Content starts

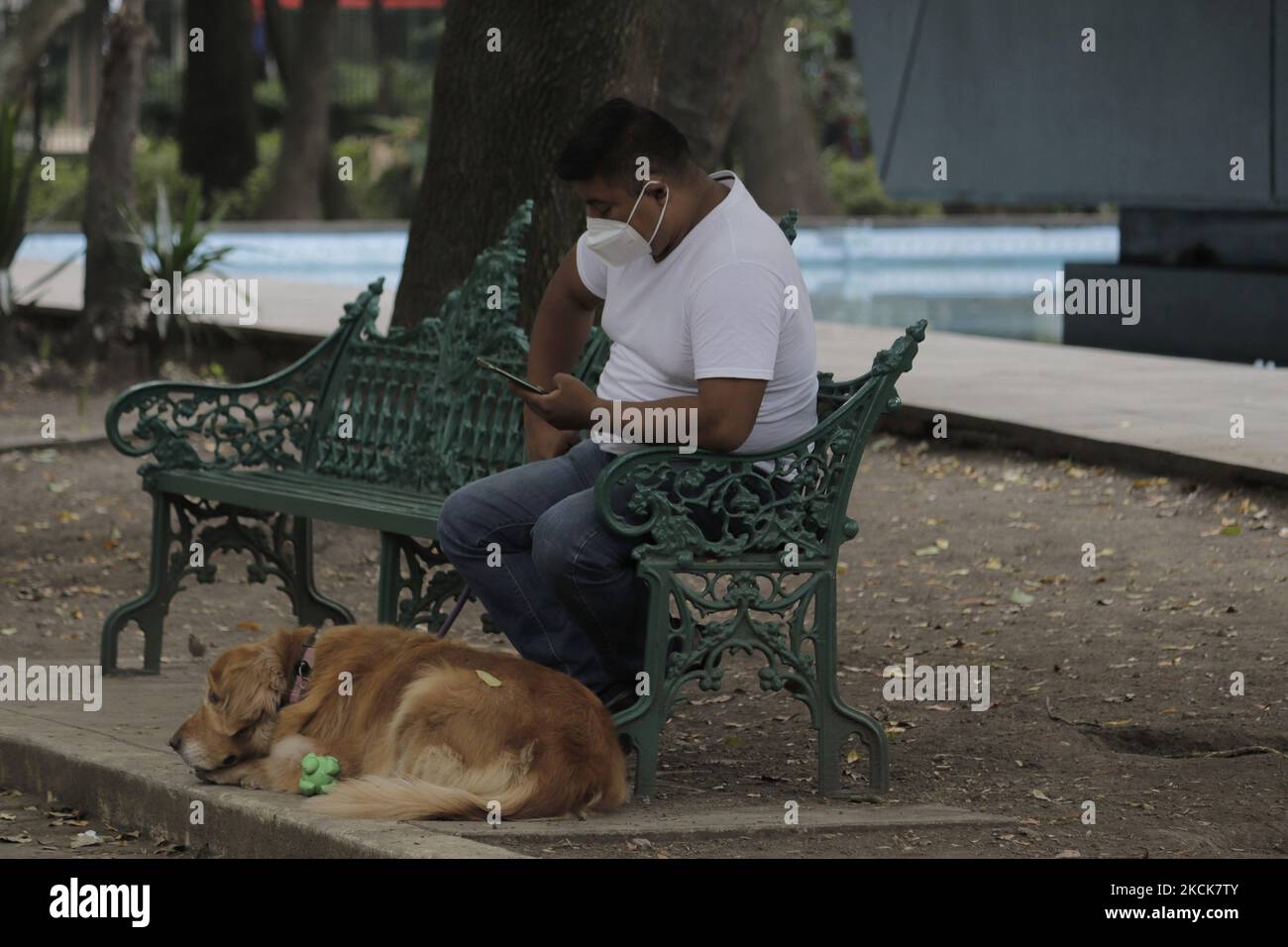 Un homme avec son chien dans le Parque España à Mexico, le jour de la commémoration de la Journée internationale des chiens, qui a été créée en 2004 pour sensibiliser la population aux mauvais traitements et à l'abandon de ces animaux dans le monde entier. (Photo de Gerardo Vieyra/NurPhoto) Banque D'Images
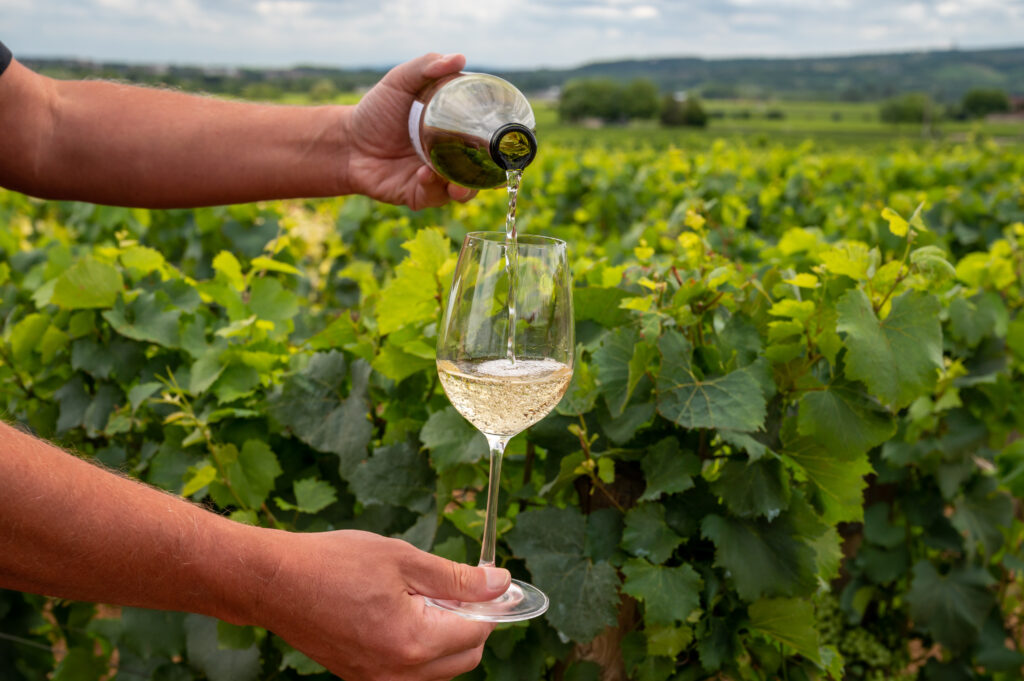 Domaine vins 
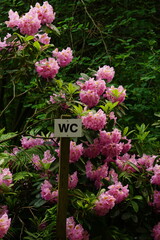 flowers in the garden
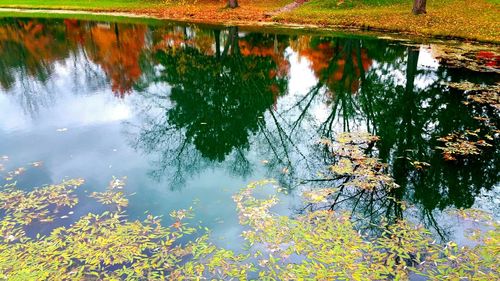 Reflection of trees in pond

Content ends

Exercise brief: Retype the listing exactly. Leave the pictures out.

Solution for this task:
 Un homme avec son chien dans le Parque España à Mexico, le jour de la commémoration de la Journée internationale des chiens, qui a été créée en 2004 pour sensibiliser la population aux mauvais traitements et à l'abandon de ces animaux dans le monde entier. (Photo de Gerardo Vieyra/NurPhoto) Banque D'Images
 Domaine vins 
 flowers in the garden
 Reflection of trees in pond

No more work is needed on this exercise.